# Spouse sponsor in Nz



## tonyxichlo (Jul 15, 2012)

Hi all,

As a Nzder living in australia, also have australia Pr (visa 801,granted Jul 11,de facto realationship,sponsored by my partner), but we have been separate for 8 months. Now, i want to move back to Nz and sponsor my new boy friend to get P.R in Nz,I knew him through my friend. 

Am i eligible to sponsor him to stay in Nz? ( This is the first time for me in Nz)

Any help would be greatly appreciated.


----------



## G-Mo (Aug 17, 2011)

Where is your new boyfriend from?


----------



## carosapien (Oct 16, 2011)

tonyxichlo said:


> Hi all,
> 
> As a Nzder living in australia, also have australia Pr (visa 801,granted Jul 11,de facto realationship,sponsored by my partner), but we have been separate for 8 months. Now, i want to move back to Nz and sponsor my new boy friend to get P.R in Nz,I knew him through my friend.
> 
> ...


Don't they ask that you're in a stable relationship for at least a year? could be a bit soon yet to be sponsoring him. 

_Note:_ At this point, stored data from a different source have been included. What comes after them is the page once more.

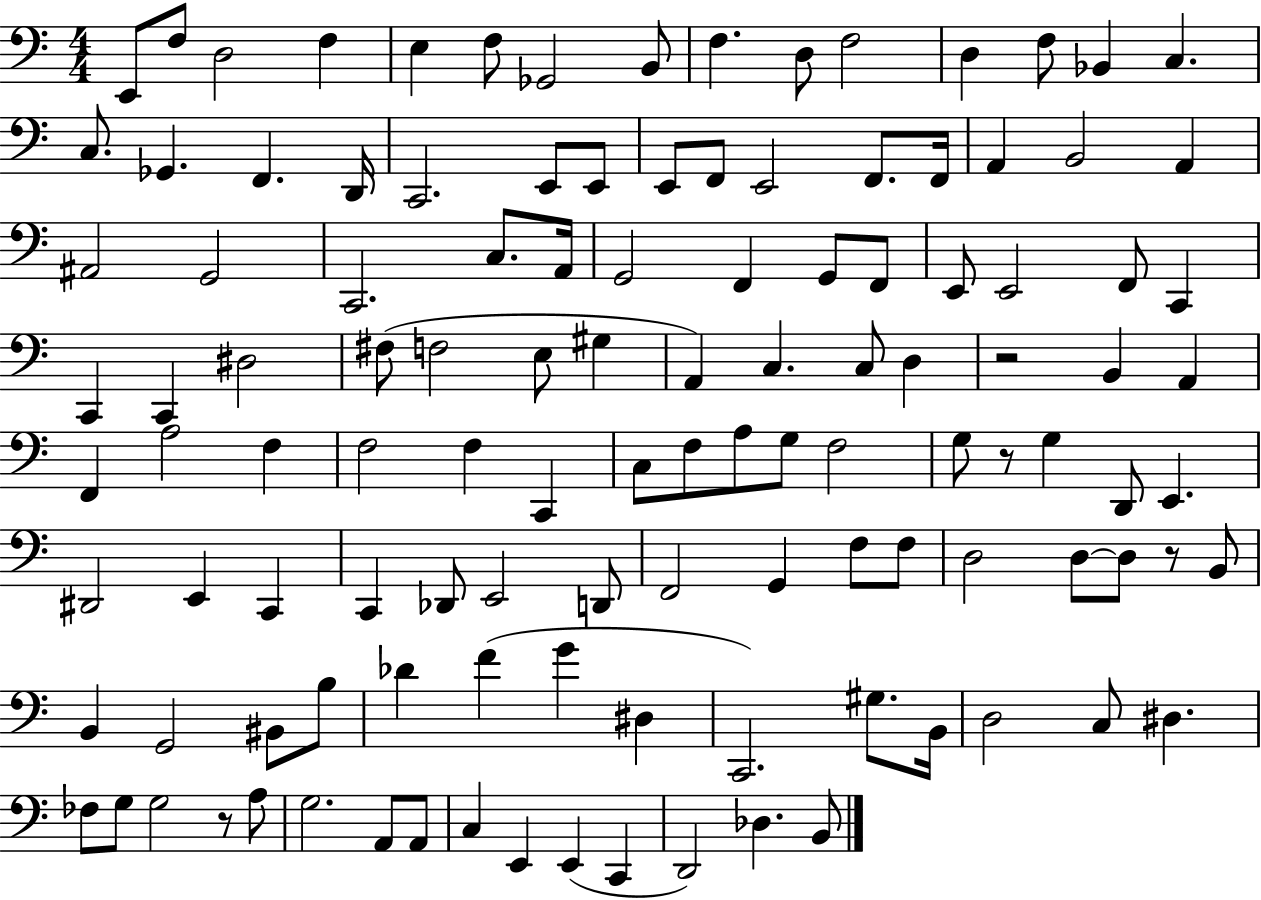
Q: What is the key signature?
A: C major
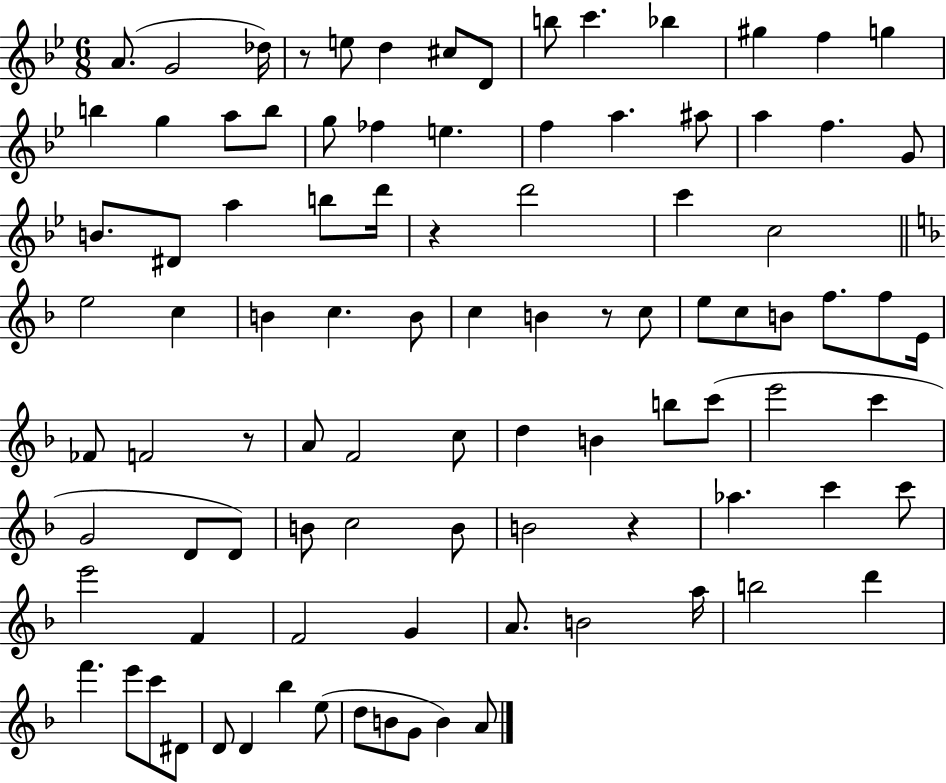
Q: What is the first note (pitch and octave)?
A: A4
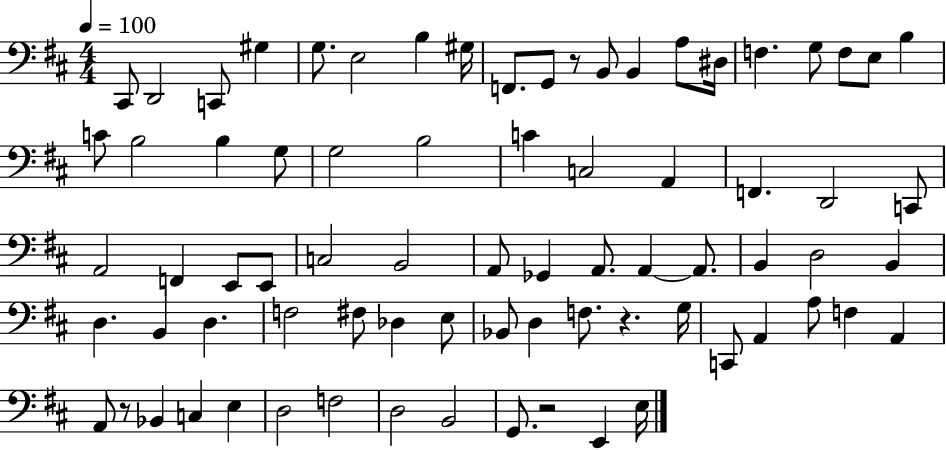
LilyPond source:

{
  \clef bass
  \numericTimeSignature
  \time 4/4
  \key d \major
  \tempo 4 = 100
  cis,8 d,2 c,8 gis4 | g8. e2 b4 gis16 | f,8. g,8 r8 b,8 b,4 a8 dis16 | f4. g8 f8 e8 b4 | \break c'8 b2 b4 g8 | g2 b2 | c'4 c2 a,4 | f,4. d,2 c,8 | \break a,2 f,4 e,8 e,8 | c2 b,2 | a,8 ges,4 a,8. a,4~~ a,8. | b,4 d2 b,4 | \break d4. b,4 d4. | f2 fis8 des4 e8 | bes,8 d4 f8. r4. g16 | c,8 a,4 a8 f4 a,4 | \break a,8 r8 bes,4 c4 e4 | d2 f2 | d2 b,2 | g,8. r2 e,4 e16 | \break \bar "|."
}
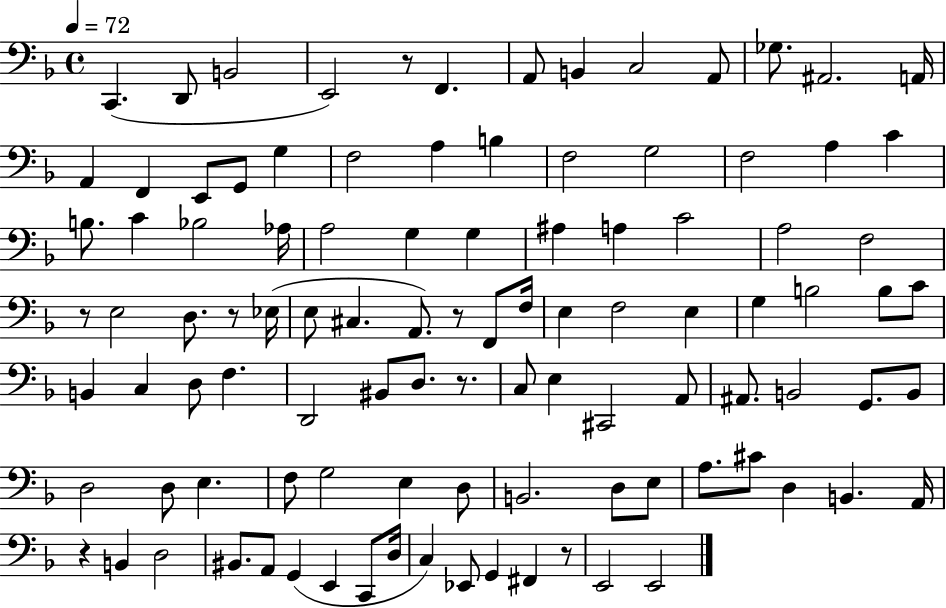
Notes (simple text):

C2/q. D2/e B2/h E2/h R/e F2/q. A2/e B2/q C3/h A2/e Gb3/e. A#2/h. A2/s A2/q F2/q E2/e G2/e G3/q F3/h A3/q B3/q F3/h G3/h F3/h A3/q C4/q B3/e. C4/q Bb3/h Ab3/s A3/h G3/q G3/q A#3/q A3/q C4/h A3/h F3/h R/e E3/h D3/e. R/e Eb3/s E3/e C#3/q. A2/e. R/e F2/e F3/s E3/q F3/h E3/q G3/q B3/h B3/e C4/e B2/q C3/q D3/e F3/q. D2/h BIS2/e D3/e. R/e. C3/e E3/q C#2/h A2/e A#2/e. B2/h G2/e. B2/e D3/h D3/e E3/q. F3/e G3/h E3/q D3/e B2/h. D3/e E3/e A3/e. C#4/e D3/q B2/q. A2/s R/q B2/q D3/h BIS2/e. A2/e G2/q E2/q C2/e D3/s C3/q Eb2/e G2/q F#2/q R/e E2/h E2/h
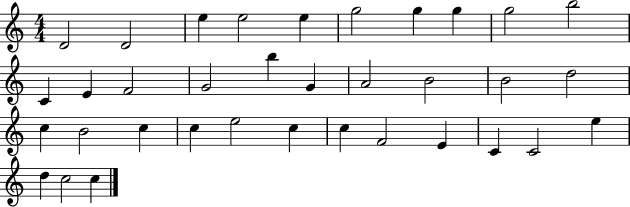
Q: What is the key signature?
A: C major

Why do you want to move back?


----------



## tonyxichlo (Jul 15, 2012)

All my family members are still living in Nz. My b.f is overseas student from Thailand. I know that INZ will ask for one year stable relationship,thats why i'm not gonna sponsor him straight after i move back to Nz,i'll wait for it. Just wonder whether am i eligible to sponsor him to get Nz P.r in Nz.? Never sponsor anyone in Nz before.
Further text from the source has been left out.